* _WHAT THE EXERCISE ASKS_
With the pictures omitted, set down exactly the lines from the one that contains "Struttura del letto" through the last line of the data.

* _GIVEN INFORMATION_
==*==

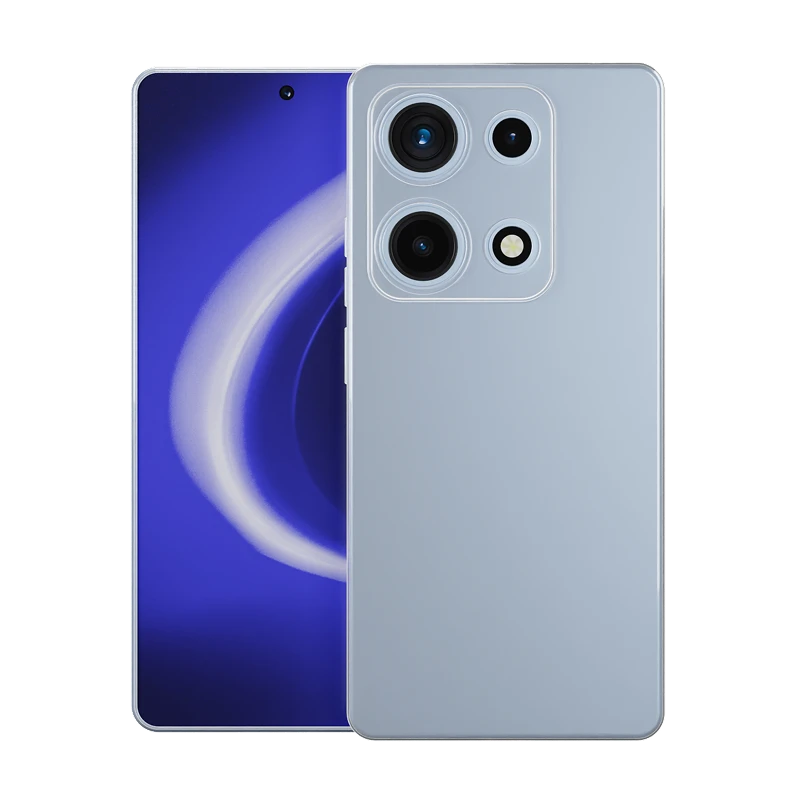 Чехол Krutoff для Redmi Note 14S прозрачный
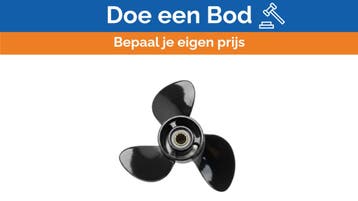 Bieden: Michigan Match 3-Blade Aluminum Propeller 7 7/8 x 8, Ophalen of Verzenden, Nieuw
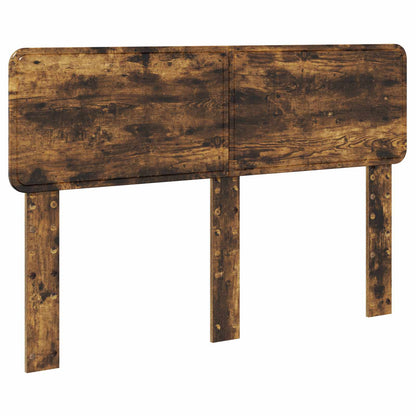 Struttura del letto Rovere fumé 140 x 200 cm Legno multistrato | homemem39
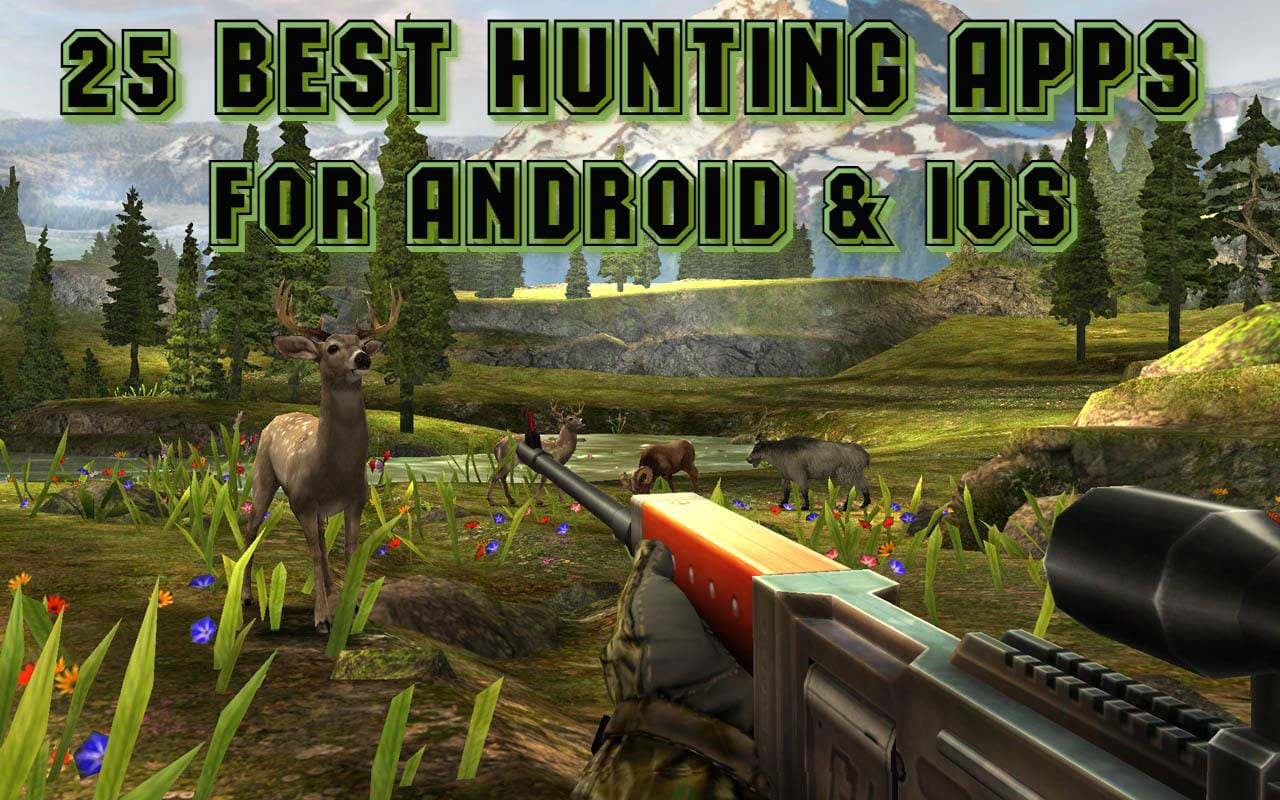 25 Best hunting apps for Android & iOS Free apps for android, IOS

==*==

* _OUTPUT_
 Struttura del letto Rovere fumé 140 x 200 cm Legno multistrato | homemem39
 25 Best hunting apps for Android & iOS Free apps for android, IOS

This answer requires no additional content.